Journal of Animal Science 78(12): 3169-3176
ISSN/ISBN: 0021-8812 PMID: 11132831 DOI: 10.2527/2000.78123169x
Thirty-two beef steers (285 +/- 3 kg BW) were used to determine the effects of chlortetracycline and dietary protein level on visceral tissue mass, chemical composition, intestinal morphology, and proliferation rate indices. Steers were allotted randomly by weight to a factorial arrangement of dietary treatments consisting of either 10 or 13% CP diets top-dressed with a corn meal carrier (500 g/d) containing either 0 or 350 mg of chlortetracycline. After 84 d, steers were slaughtered and visceral organs removed and separated. Rinsed wet tissue mass was recorded; total RNA, total DNA, tissue DM, and tissue N content were determined; and tissue sections were prepared for immunohistochemical analysis. Thin tissue sections were evaluated to determine crypt depth and villus height as well as proliferation rate by immunohistochemical detection of the nuclear antigen Ki67. Rumen and abomasum weights and small intestinal length were greater (P < 0.04) in steers fed the 13% CP diet than in those fed the 10% CP diet on both an absolute weight basis and a percentage of empty BW. Chemical composition of the small intestinal and ruminal segments were largely unaffected by increased dietary protein.
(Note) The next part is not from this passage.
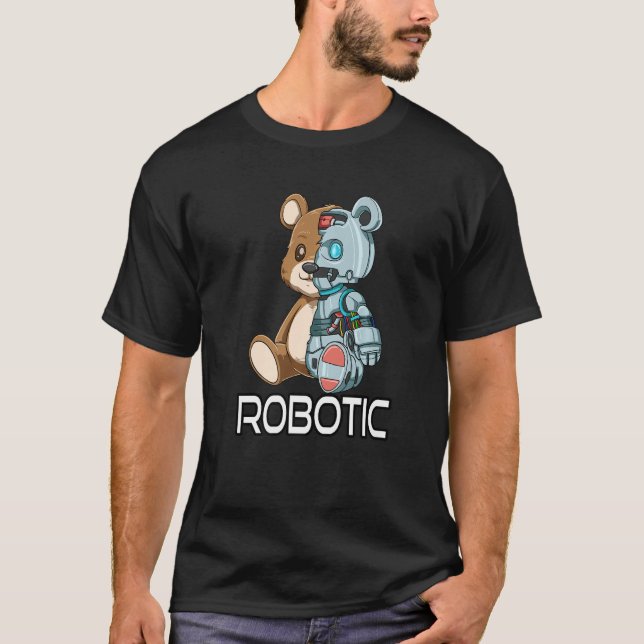 Bear Robot Robotic Cyborg T Shirt (Framsida)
Increasing the dietary CP also increased the villus height in duodenal (P = 0.02) and the crypt depth of jejunal (P = 0.03) sections. Dietary administration of chlortetracycline decreased (P < 0.01) small intestinal weight both on absolute and empty BW bases. Nitrogen and RNA concentrations of the small intestinal segments were unaffected (P > 0.1) by dietary administration of subtherapeutic levels of chlortetracycline; however, because of increases (P < 0.05), or tendencies for an increase (P < 0.1), in the tissue content of DNA, the ratio of N to DNA was decreased (P < 0.05) or tended to be decreased (P < 0.1) in the small intestinal segments of the chlortetracycline-treated animals. The observed decrease in small intestinal epithelial mass does not appear to be due to alterations in cell proliferation rate but rather cell size. Consistent with this finding, cell proliferation, as determined by Ki67 antigen staining, was not affected by dietary treatment. Chlortetracycline administration decreased small intestinal mass that may be a result of decreased cell size.